CRNA since 1994I decided to become a nurse because I wanted to be a CRNA. My father was a physician in a 35,000-person community and my mother and sister were nurses, so many health careers were well known around my house as I grew up. I became aware of CRNAs, and what they did, in high school. My sister had a good friend whose sister – Carolyn Nichols, BA, CRNA – was a CRNA and very active in the AANA. Consequently, I had good sources of professional and career information early on. The autonomy, respect, career opportunities, and the professional status of CRNAs also were important and influential on my decision.
I love absolutely everything about being a CRNA! I have collected a lot of degrees in my 20-year career, and have had many interesting and exciting opportunities during my time in nursing and nurse anesthesia. Each and every one of them was either directly or indirectly related to nurse anesthesia. All of the best things in my life can be attributed to my career choice and for that I am truly appreciative.
My nurse anesthesia experiences have been broad and varied. I have been active in clinical practice, graduate education, higher education specialized accreditation, nursing regulation, and professional association work as a staff member of the AANA for six years. At every turn, I have experienced firsthand how valuable and important nurse anesthesia is to the healthcare system and what quality work and contribution we provide to the healthcare system in the United States.
Because of nurse anesthesia, I have had the opportunity to live in Knoxville, Tenn., metro-Chicago, Ill., and Houston, Texas. Also, because of my interest and participation with the International Federation of Nurse Anesthetists (IFNA), I have traveled to Lausanne, Switzerland; Geneva, Switzerland; Den Hague, Netherlands; and Ljubljana, Slovenia.
For those thinking about nurse anesthesia: Make your choice for this career as early as you can and really apply yourself while you are in school – from your freshman year in high school, work towards the AP science classes. In college, strive to make the best grades possible because the selection process is rigorous and tough. It's just as important, however, be a well-rounded person. You need to be someone who can meet new people easily and strike-up conversation naturally and meaningfully. As CRNAs we have a very limited amount of time to get to know our patients, to get the essential information to take safe care of them, and to assess them and plan for their anesthetic care. However, in that short time, it is equally important to make our patients feel as comfortable and confident in us as is possible. As they go to sleep for a procedure, they need to be able to trust that we are assured and strong and will be their advocate when they can’t advocate for themselves. That is the human touch, and it is vital in order to be a great anesthetist.

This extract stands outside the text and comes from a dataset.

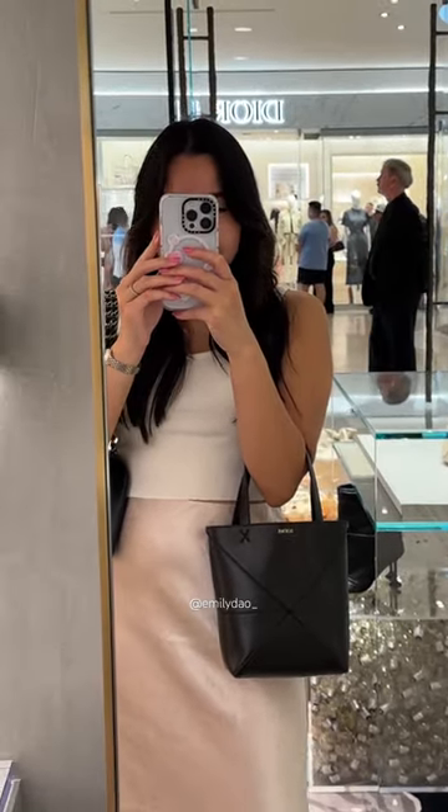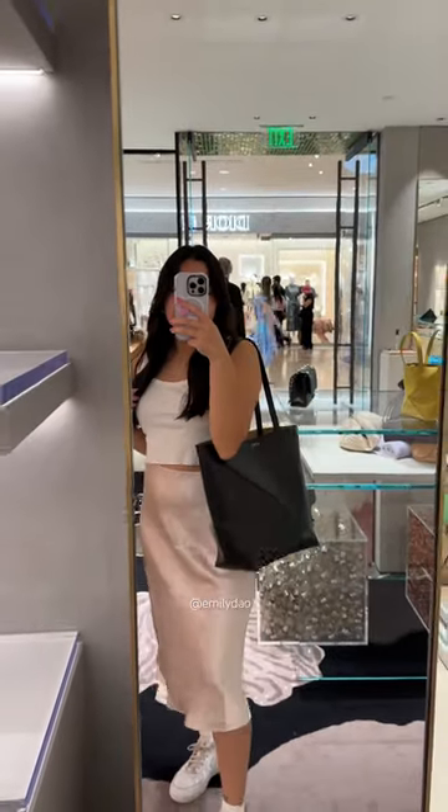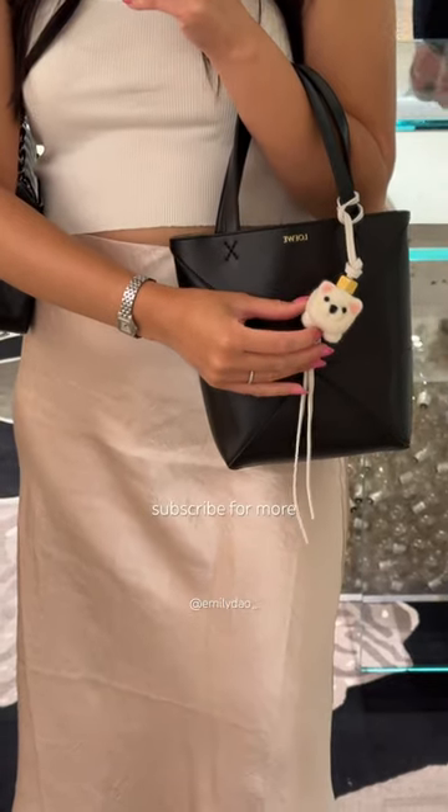This is the mini size, and you can also wear it as a crossbody, which I'm personally not a fan of. And this is the larger version, which is so cute. Here's the mini again with a little bag charm. Let me know what you think.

Also, get cracking…time is wasting and we need you to take our places! My only real piece of advice is live (professionally) by one phrase borrowed from the military: 5 minutes early is 10 minutes late. If you carry this attitude into your career it will take you far. That no matter where you go or who you meet, CRNAs are from a personality as well as knowledge base, so much more alike than we are different. And that we are a really great group of people.